O último Natal de guerra, de Primo Levi

Numa noite

«Estava muito frio e o ar imóvel. O sol tinha-se posto há poucos minutos, afundando obliquamente por detrás de um horizonte que a límpida atmosfera fazia parecer próximo, e tinha deixado atrás de si uma esteira luminosa verde -amarela que se estendia quase até ao zénite: do lado do oriente, ao contrário, o céu estava opaco, violáceo, ofuscado por cúmulos plúmbeos que pareciam pesar sobre o terreno gelado como bolas esvaziadas. O ar estava seco ou cheirava a gelo.
Em todo o planalto não se viam marcas humanas, feita excepção para os carris, que se estendiam, rectilíneos, a perder de vista, e pareciam convergir no ponto em que o sol tinha acabado de desaparecer; do lado oposto perdiam-se nas últimas ramificações do bosque. O terreno era ligeiramente ondulado, e marcado por pequenos carvalhos e faias que o vento dominante tinha inclinado para sul, ou mesmo, em alguns casos, vergado até ao chão; mas era um dia de bonança. Afloravam no solo rochas calcárias consumidas pela chuva e incrustadas de conchas fósseis: ásperas e brancas, pareciam ossos de animais sepultados. Das brechas sobressaíam ramos carbonizados num incêndio recente: não havia erva, só manchas amarelas e avermelhadas de líquenes colados à pedra.
Sentiu-se o estrépito antes que o comboio fosse visível: no silêncio do planalto, o som transmitia-se através da rocha e do gelo como um trovão subterrâneo. O comboio era rápido, e logo percebeu-se que era composto por apenas três carruagens de mercadorias, para além do motor. Quando se aproximou, ouviu-se o rumor agudo dos motores diesel em aceleração, juntamente com o assobio do ar lacerado pelo ímpeto da corrida. O comboio ultrapassou num relâmpago o ponto de observação, o que fez com que o zumbido e o assobio baixassem de tom, e investiu contra as bétulas e as faias esparsas à margem do bosque. Aqui os carris estavam cobertos por uma densa camada de folhas secas, frágeis e escuras: a onda de ar remexido atingiu-as antes que o comboio lhes tocasse, e levantou-as numa nuvem desarrumada, mais alta do que as árvores mais altas, rodopiando como um enxame de abelhas, que acompanhava o comboio na sua corrida e o tornava visível ao longe.
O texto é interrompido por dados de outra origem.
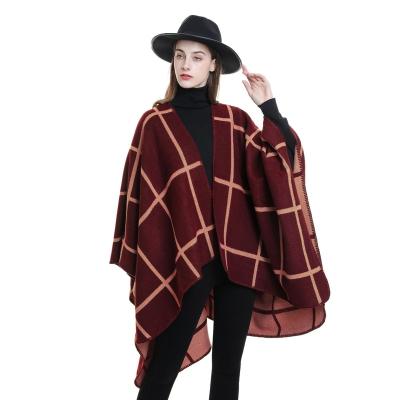 China Wholesale Hot Selling Thick Poncho Cape Plaid Scarf Women Winter Polyester Acrylic Shawls Stoles for sale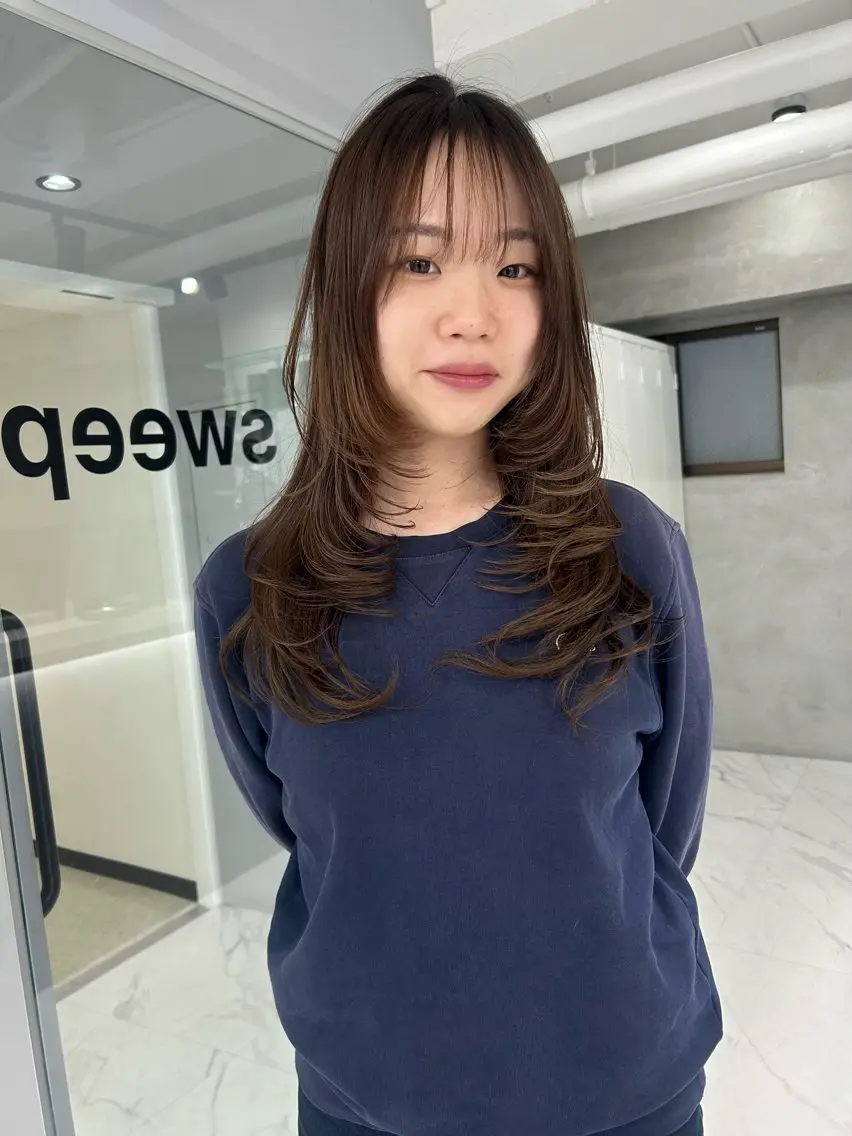 セミロング 顔周りカット カット トリートメント ️💜akari💜 ハイトーン/レイヤーのヘアスタイル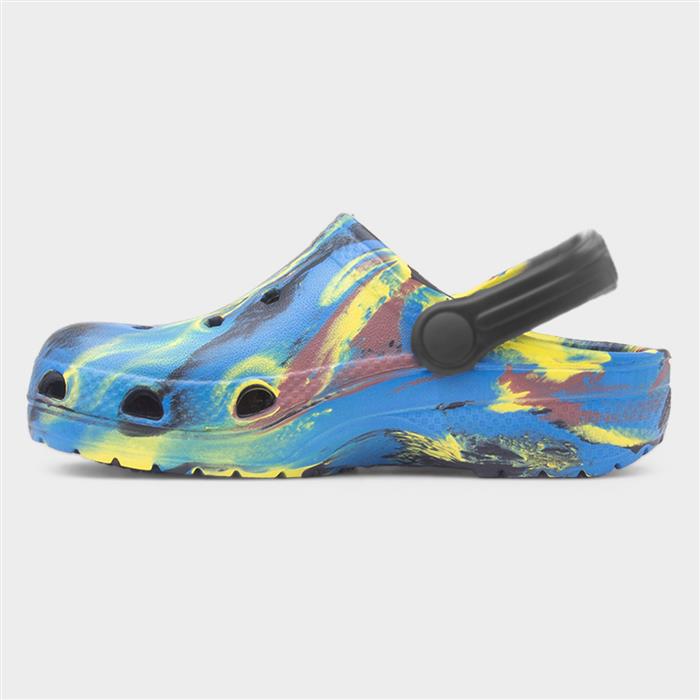 Boys Black Multi Marble Slip On EVA Clog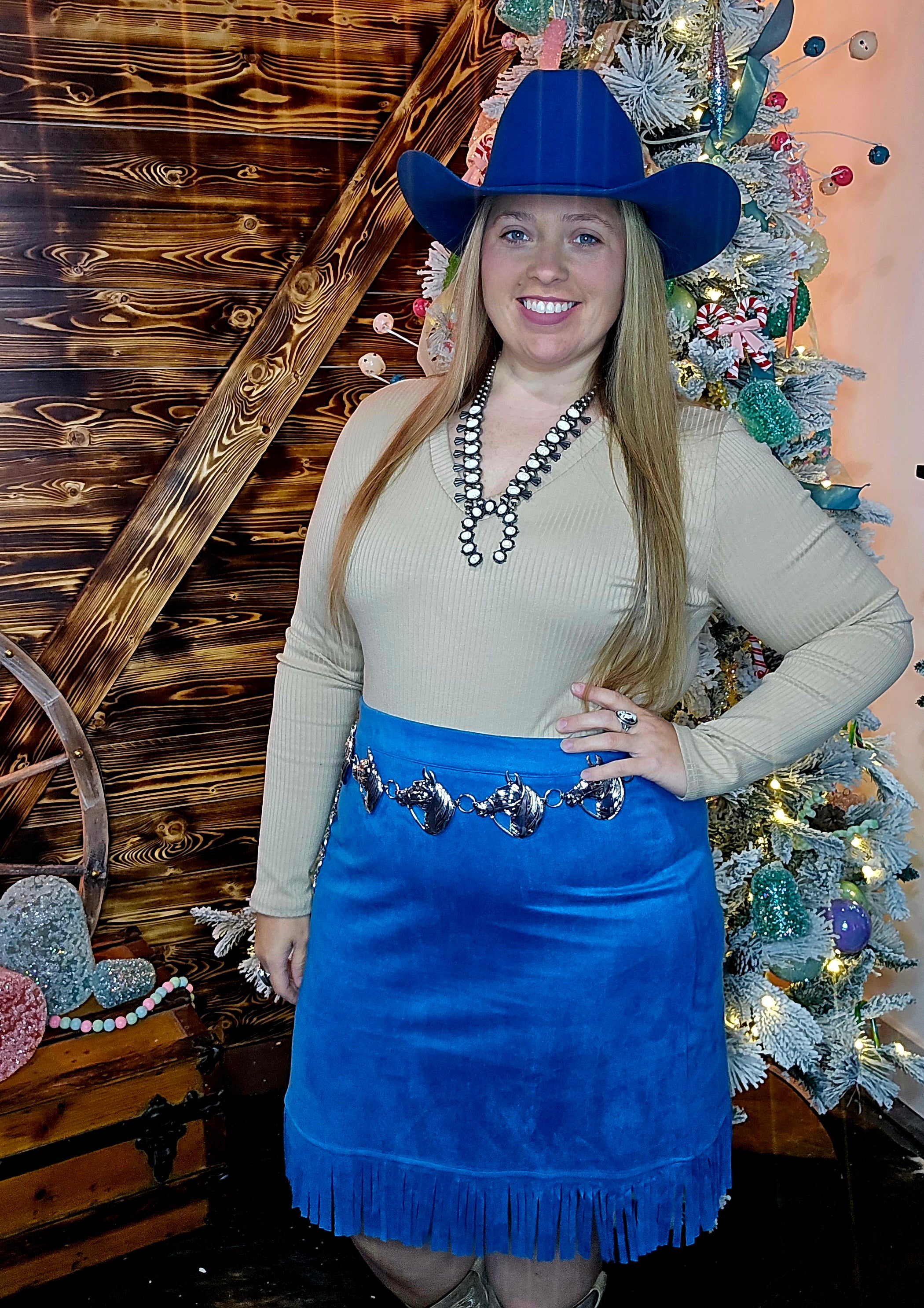 Blue Suede Fringe Skirt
As folhas eram ligeiras mas a sua massa era grande: apesar do seu ímpeto, o comboio foi obrigado a abrandar.
À frente da locomotiva foi-se acumulando um monte informe de folhas, que a própria locomotiva fendia em dois como a proa de um navio; uma parte acabava triturada entre os carris e as rodas, aumentando o esforço da locomotiva, que viu a sua velocidade diminuir mais ainda. Simultaneamente, o atrito entre o comboio e as folhas, as acumuladas e as que revoavam pelos ares à sua volta, provocou uma electrificação do ar, do comboio e das próprias folhas. Do comboio para o chão partiam longos clarões roxos, desenhando no fundo escuro da floresta um emaranhado mutável de luminosas linhas quebradas. O ar carregou -se de ozono e do cheiro acre do papel queimado.
O amontoado de folhas à frente da locomotiva fez-se cada vez mais volumoso e a aderência das rodas aos carris foi ficando cada vez mais fraca, até que o comboio parou, com os motores a funcionarem ainda à máxima velocidade. As rodas, que giravam no vazio, começaram a arder, e fez-se vagamente luminoso também o troço de linha que ficava por baixo de cada uma delas; destes pontos incandescentes saíram ondas de fogo que se alargaram em círculos sobre as folhas que jaziam, e que se apagaram a poucos metros. Ouviu-se um clique, os motores pararam, e o silêncio voltou a dominar. Na janela da locomotiva apareceu o rosto do maquinista, largo e pálido: estava imóvel e olhava fixamente para o vazio. As folhas entretanto caíram. Durante muito tempo não aconteceu nada, só se ouvia o leve rumor das folhas acumuladas à frente da locomotiva, que readquiriam a posição de repouso: o monte aumentava levemente, como uma massa durante a fermentação.»